Use of stochastic sources for the lattice determination of light quark physics

TL;DR

This paper evaluates the effectiveness of Z(2)xZ(2) stochastic sources in lattice QCD calculations of light quark physics, finding improved statistical accuracy for meson correlators but limited advantage for certain matrix element computations.

Contribution

It introduces and compares stochastic sources with traditional point sources in lattice QCD, highlighting their benefits and limitations for different observables.

Findings

Stochastic sources improve statistics for meson correlators.

No significant advantage of stochastic sources over traditional methods for B_K calculation.

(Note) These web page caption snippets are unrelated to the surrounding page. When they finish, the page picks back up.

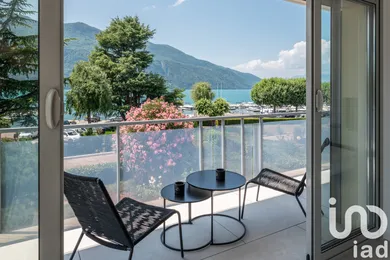 Appartement à Aix-les-Bains (73100)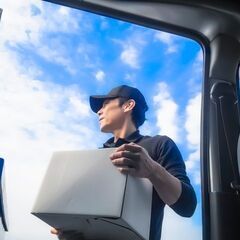 【ドライバー募集】軽バンでの個人宅または企業への荷物の配達の画像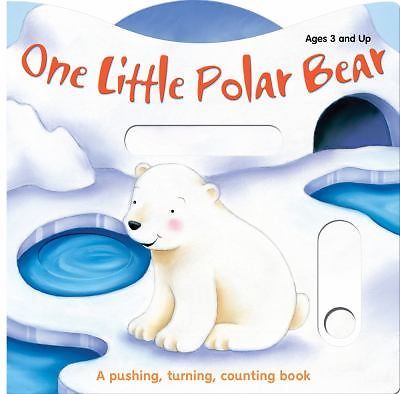 one-little-polar-bear by Carson-Dellosa Publishing Staff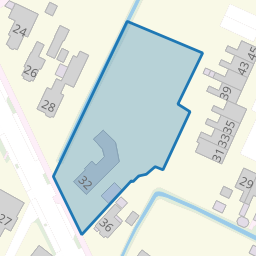 Perceel WDE03-I-2497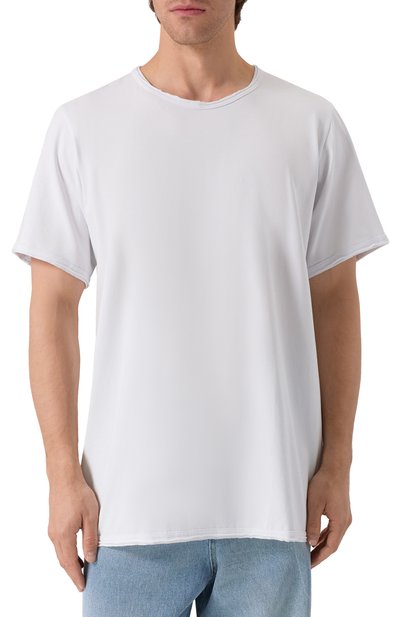 Хлопковая футболка 139DEC, арт. T540-W, фото 3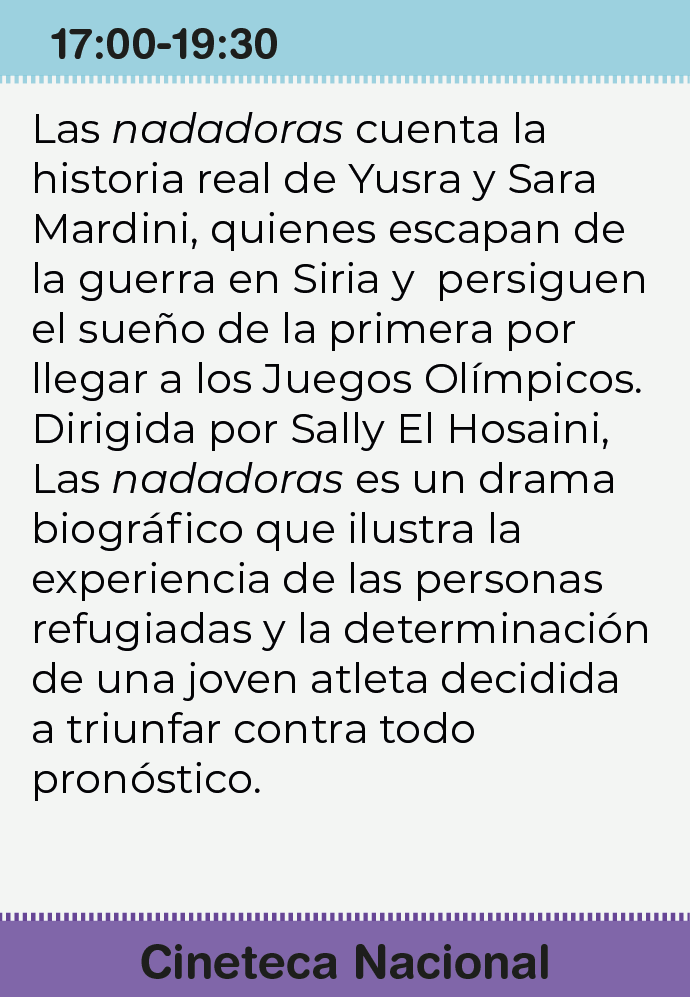 Proyección película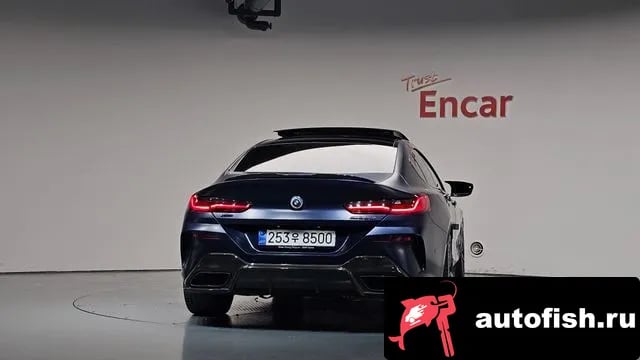BMW 8-Series 8 Series (G15) 2022 года - вид 3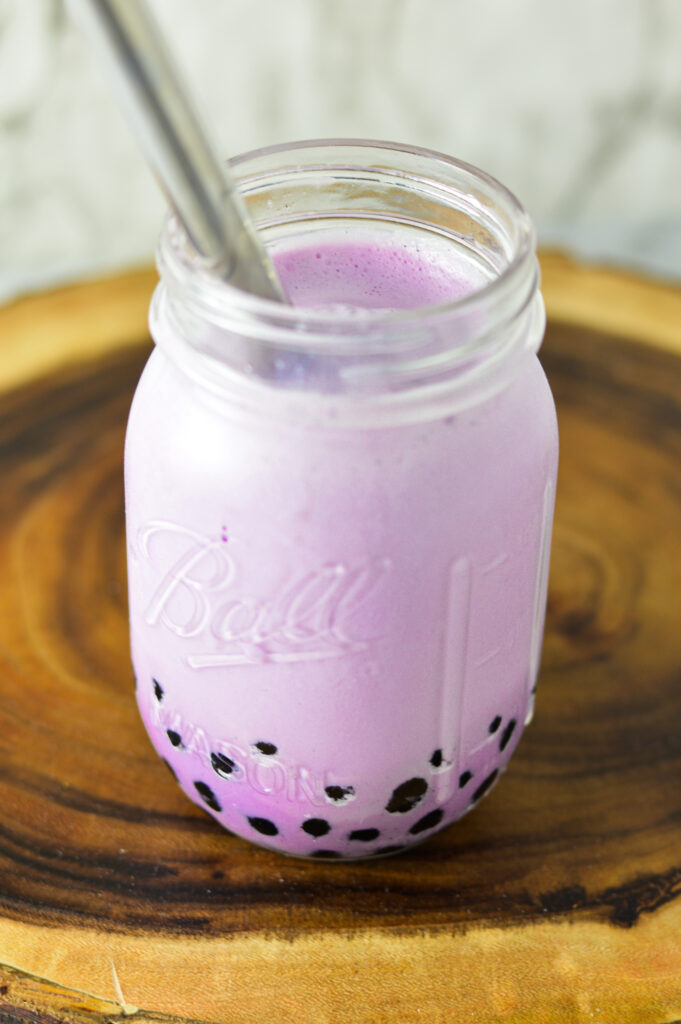 Taro Bubble Tea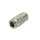 IQS gerade Steckverschraubung Gewinde R 3/8“ – R 1/2“ Material Edelstahl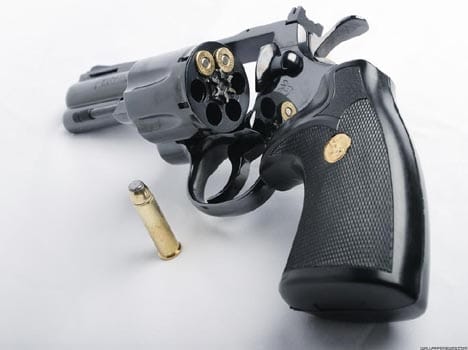  young man shoted  in love affair 
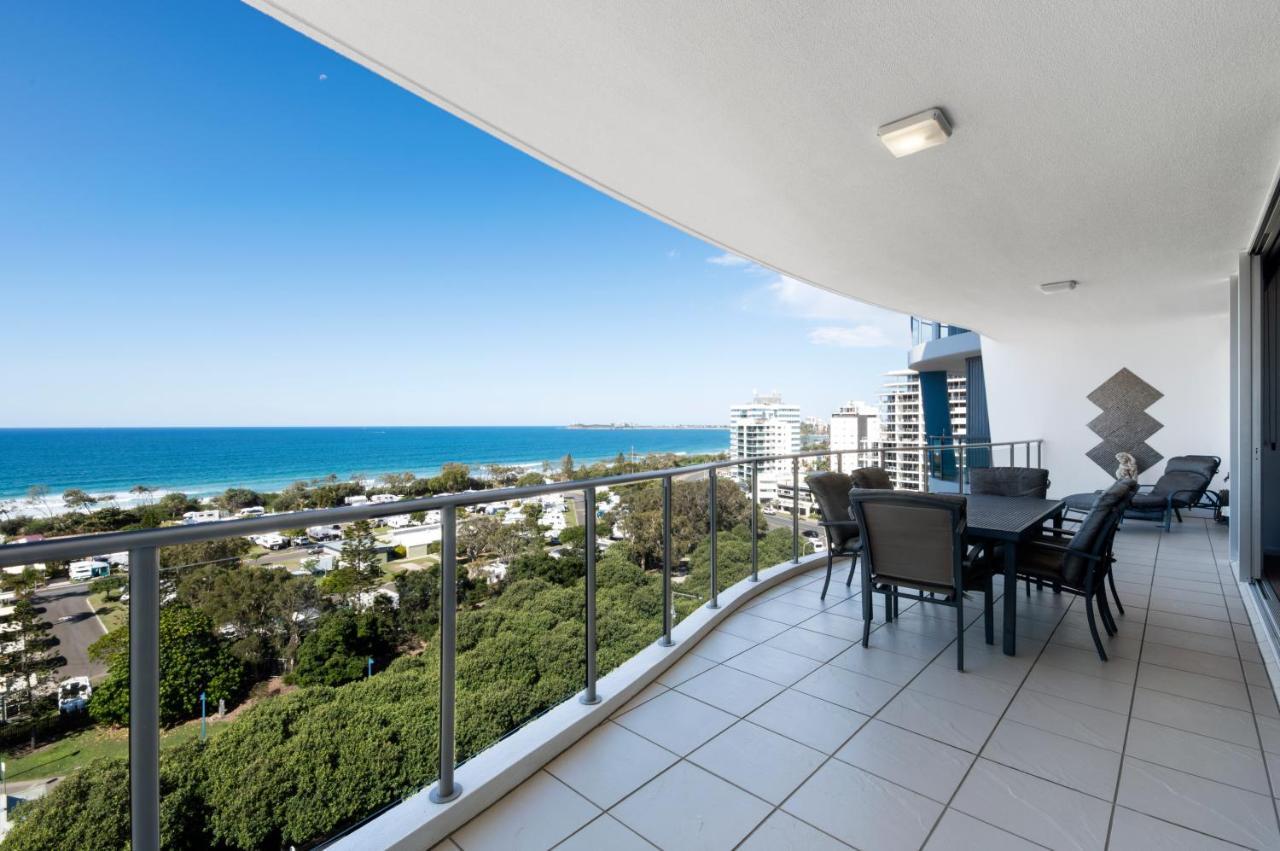 Silver Sea On Sixth Resort Maroochydore Eksteriør bilde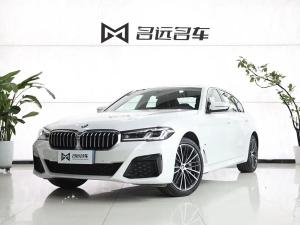 bmw 5 series 2023 Petrol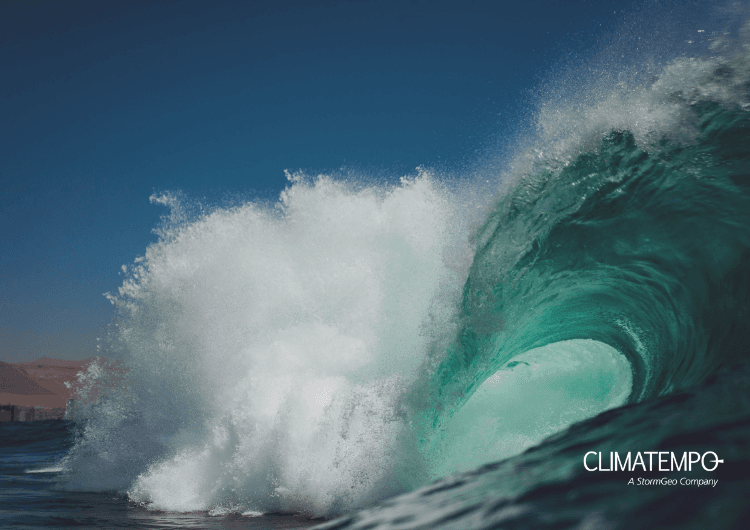 Imagem da notícia Meteotsunami na Argentina expõe risco de ondas extremas no litoral do Atlântico Sul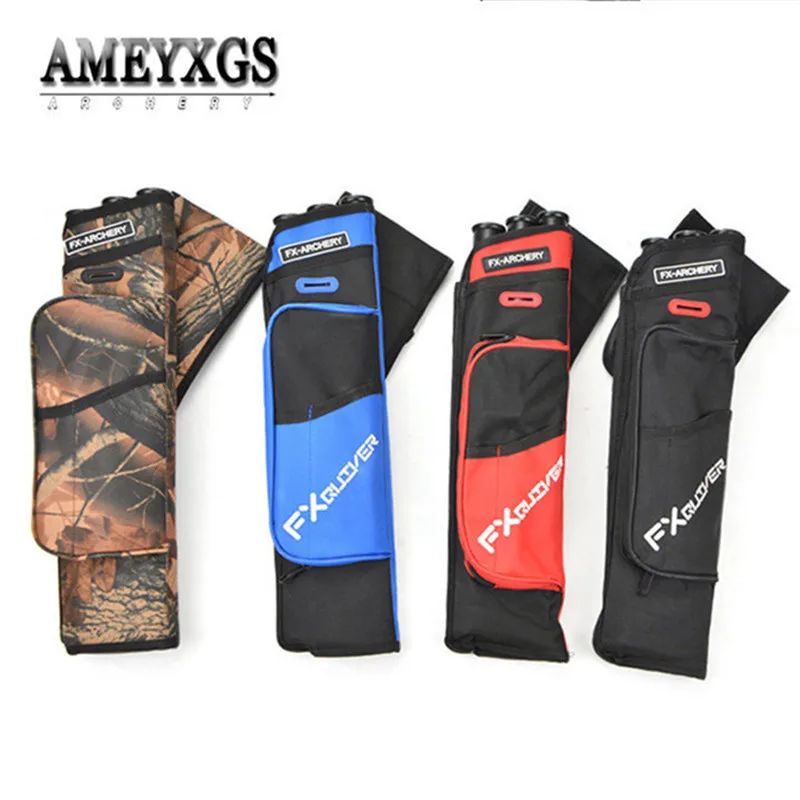 Портативный колчан для стрел с 3 трубками, тренировочная сумка для хранения стрел, для охоты на открытом воздухе, спортивные аксессуары для ... 
Портативный колчан для стрел с 3 трубками, тренировочная сумка для хранения стрел, для охоты на открытом воздухе, спортивные аксессуары для ...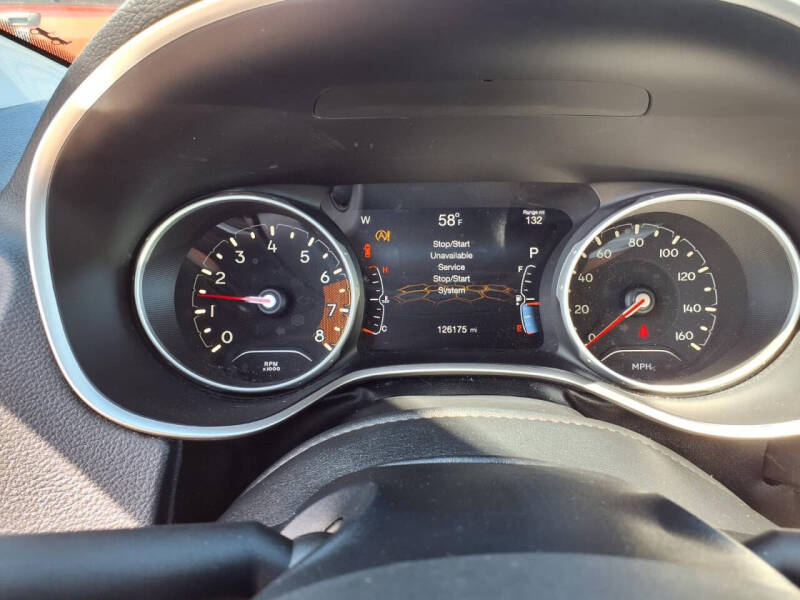 2021 Jeep Compass Latitude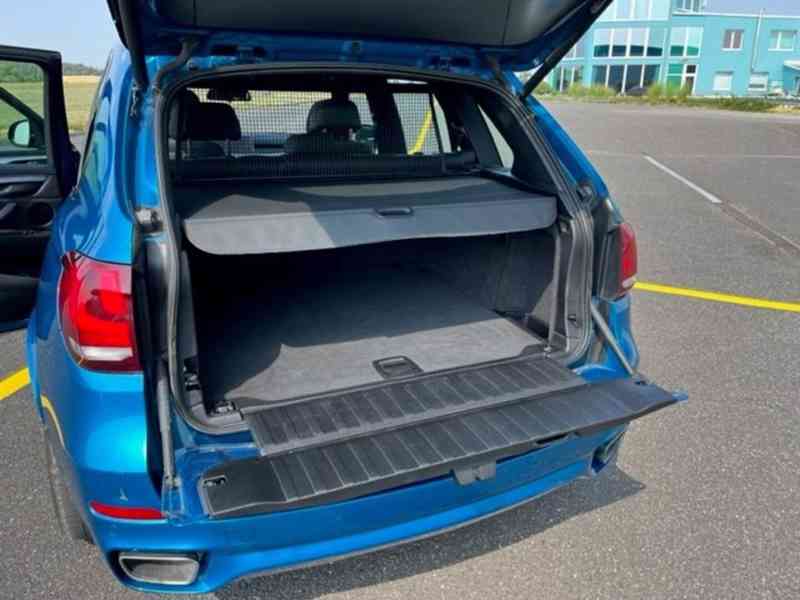 BMW X 5, X drive, 3.0 D, 5/2018, automat, tažné - foto 2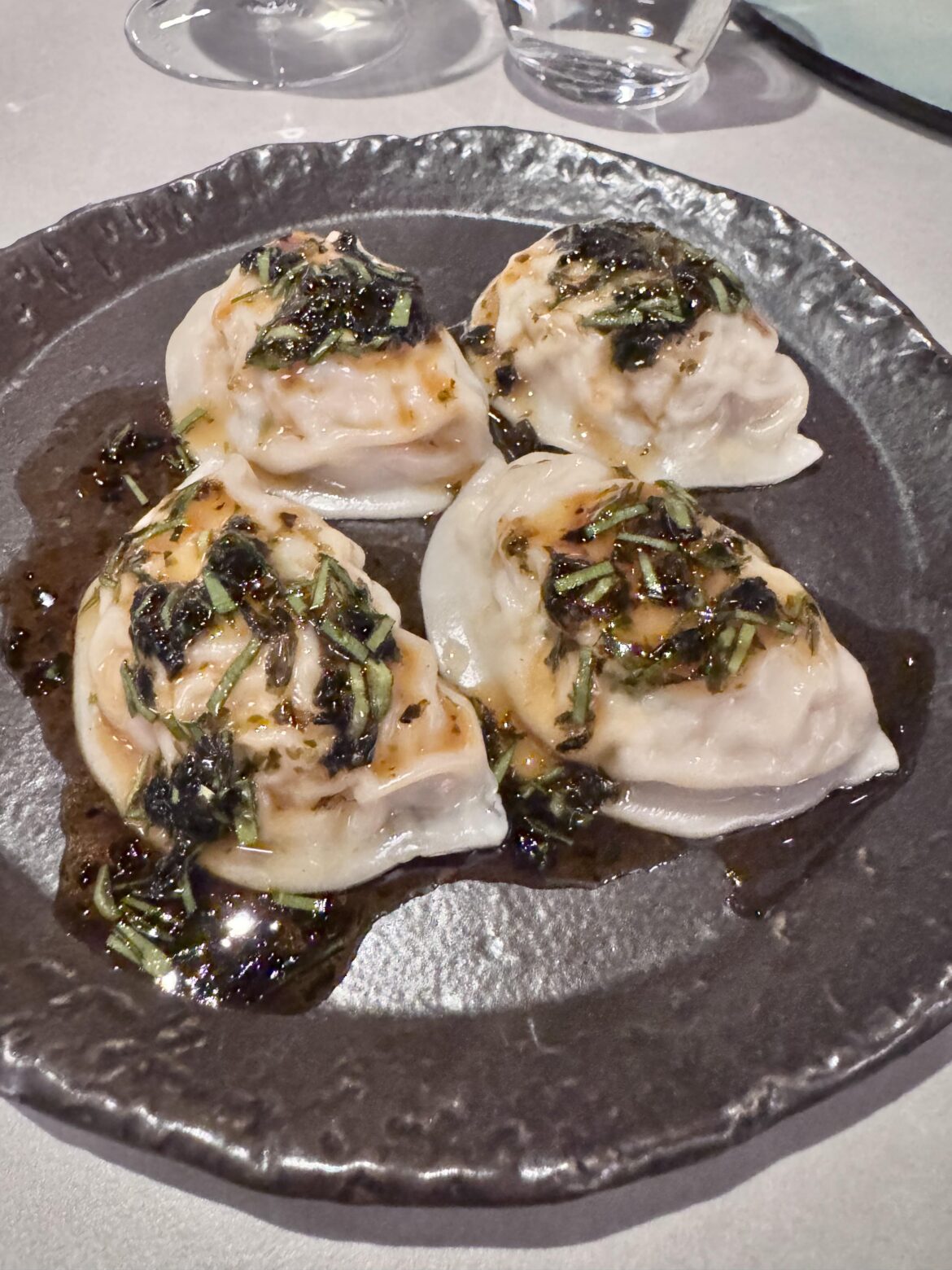 Best Mandu 만두! NYC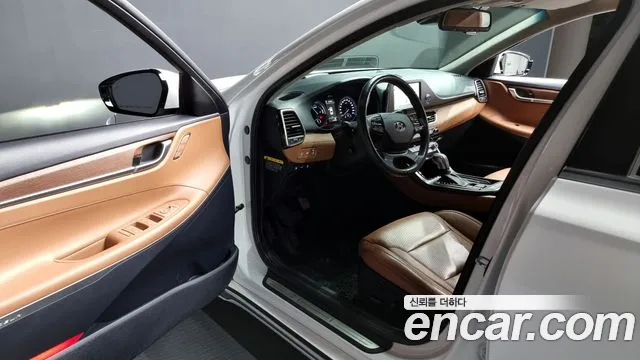 Hyundai Grandeur IG Hybrid id 2706115 из Кореи 20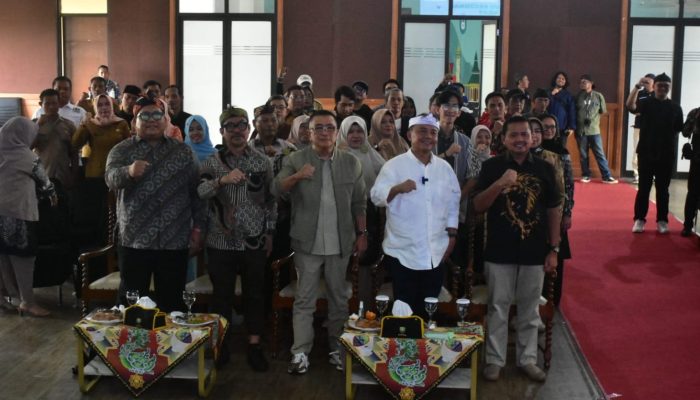 Dorong Pariwisata, Pemkot Cirebon Kembangkan 10 Kawasan Wisata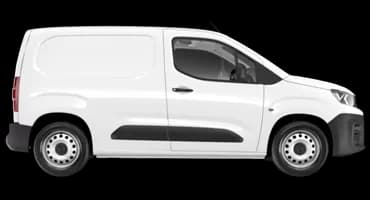 Peugeot Yeni Partner Van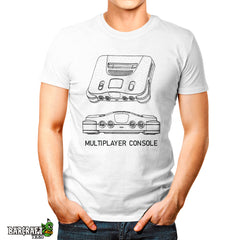 N64 Multiplayer Console - Barcraft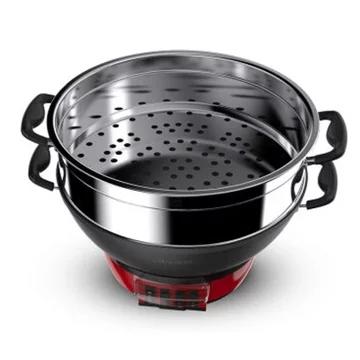 利仁(LIVEN) DG-Z320多功能电蒸锅电火锅家用3.5L 商品图4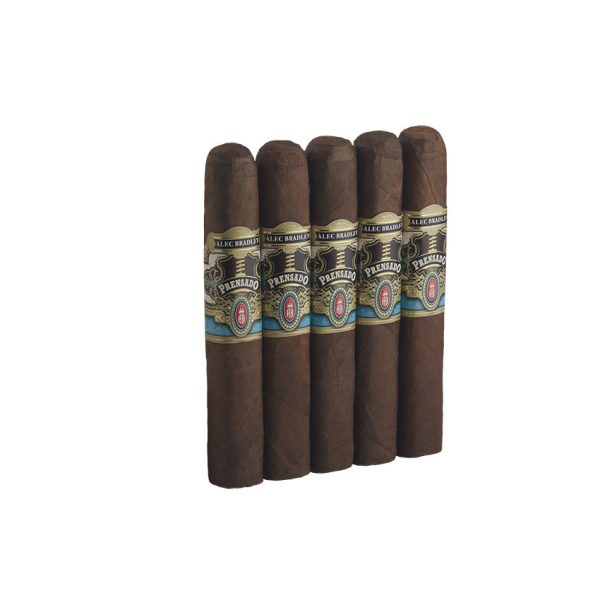 Alec Bradley Prensado Robusto 5 Pack
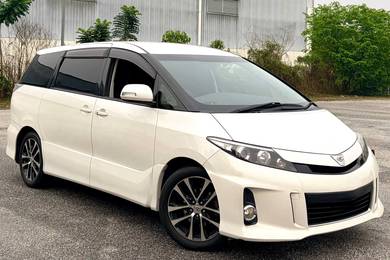 Toyota ESTIMA AERAS FREE WRRTY.FREE SERVICE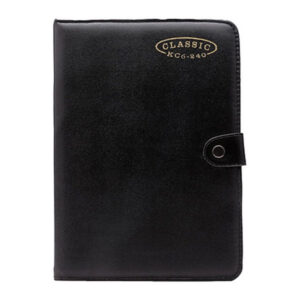 Sổ da mềm Classic 6 ( 15x21cm) 240 trang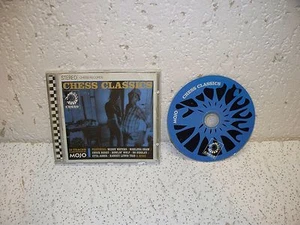 Mojo Chess Classics Blues Compilation Promo CD Compact Disc Out of Print RARE - Bild 1 von 2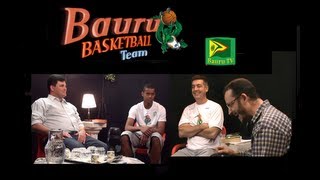 Tributo ao Paschoalotto Bauru Basket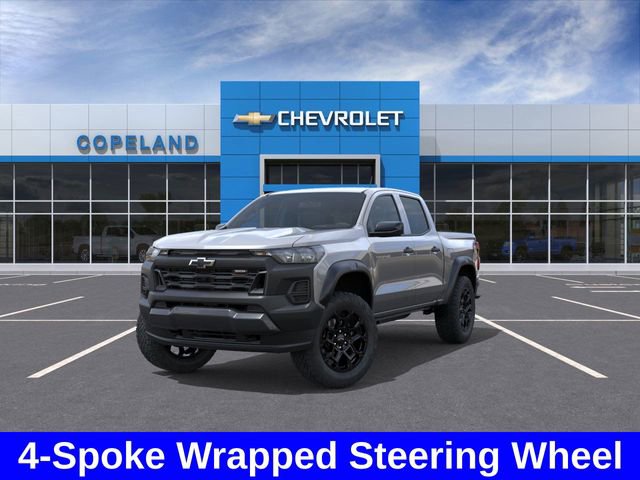 New 2026 Chevrolet Colorado Trail Boss image 10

Potential application to semileptonic form factors with twisted boundary conditions.

Abstract

In this paper we investigate the benefits of using Z(2)xZ(2) single timeslice stochastic sources for the calculation of light quark physics on the lattice. Meson 2-point correlators measured using sources stochastic in only spin and those stochastic in both spin and colour indices are compared to point source correlators on the unit gauge and on a 16^3 x 32 Domain Wall QCD ensemble. It is found that the use of stochastic sources gives a considerable improvement in statistics for the same computational cost. The neutral kaon mixing matrix element B_K is also calculated on this ensemble with stochastic sources, but we conclude that the stochastic method offers no significant advantage over the traditional gauge-fixed wall source approach which already offers an exact volume average. We also discuss the application to semileptonic form factors in conjunction with partially twisted boundary conditions.